Now Emily is a bubbly 13-year-old, and Liedtke is running a not-for-profit organization that helps hundreds of families from Europe and the US return to China with their adopted children. The Our Chinese Daughters Foundation (OCDF) has also helped raise hundreds of thousands of dollars for some of the country's most impoverished orphanages.

 

"Ten years ago, there was very little support for parents of adopted Chinese children," Liedtke said. "I started organizing culture camps in Bloomington, and I realized there were people who were adopting kids who had no connection with China. Some had never got on a plane before, let alone visited their children's country of birth."

 

In 1998, Liedtke, who had moved Emily back to China, began organizing tours for families and their adopted children.

 

"The idea was to help the kids fall in love with China," she said. "For most of these kids, they are living in total Caucasianville back in the US or Europe. Their only notion of China is the adoption story they were told by their parents, so coming back is incredibly powerful. It helps them understand their identity. The whole trip is about experiencing China for themselves and getting to know the reality."

 

About 60,000 adopted Chinese children are now living in the United States and Canada.

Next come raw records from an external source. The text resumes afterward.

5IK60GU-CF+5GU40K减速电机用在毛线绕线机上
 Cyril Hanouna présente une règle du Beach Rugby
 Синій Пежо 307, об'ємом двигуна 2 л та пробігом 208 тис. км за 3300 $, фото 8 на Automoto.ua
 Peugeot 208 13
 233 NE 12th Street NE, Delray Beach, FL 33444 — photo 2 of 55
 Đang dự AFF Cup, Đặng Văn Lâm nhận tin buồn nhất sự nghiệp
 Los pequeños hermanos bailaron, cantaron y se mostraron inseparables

A further 15,000 have been adopted by families in Europe.

 

And in increasing numbers, those parents are choosing to bring their children back to their birthplaces.

 

In 1998, 27 people signed up for OCDF's tours. The following year, 100 people jetted over to China. This year, OCDF is organizing tours for 650 people.

 

"These trips are extremely important for the adopted child and their families," Liedtke said. "And they can be very moving and emotional. A lot of the parents choose to take their children to the orphanage they were placed in or the doorways and steps where they were found.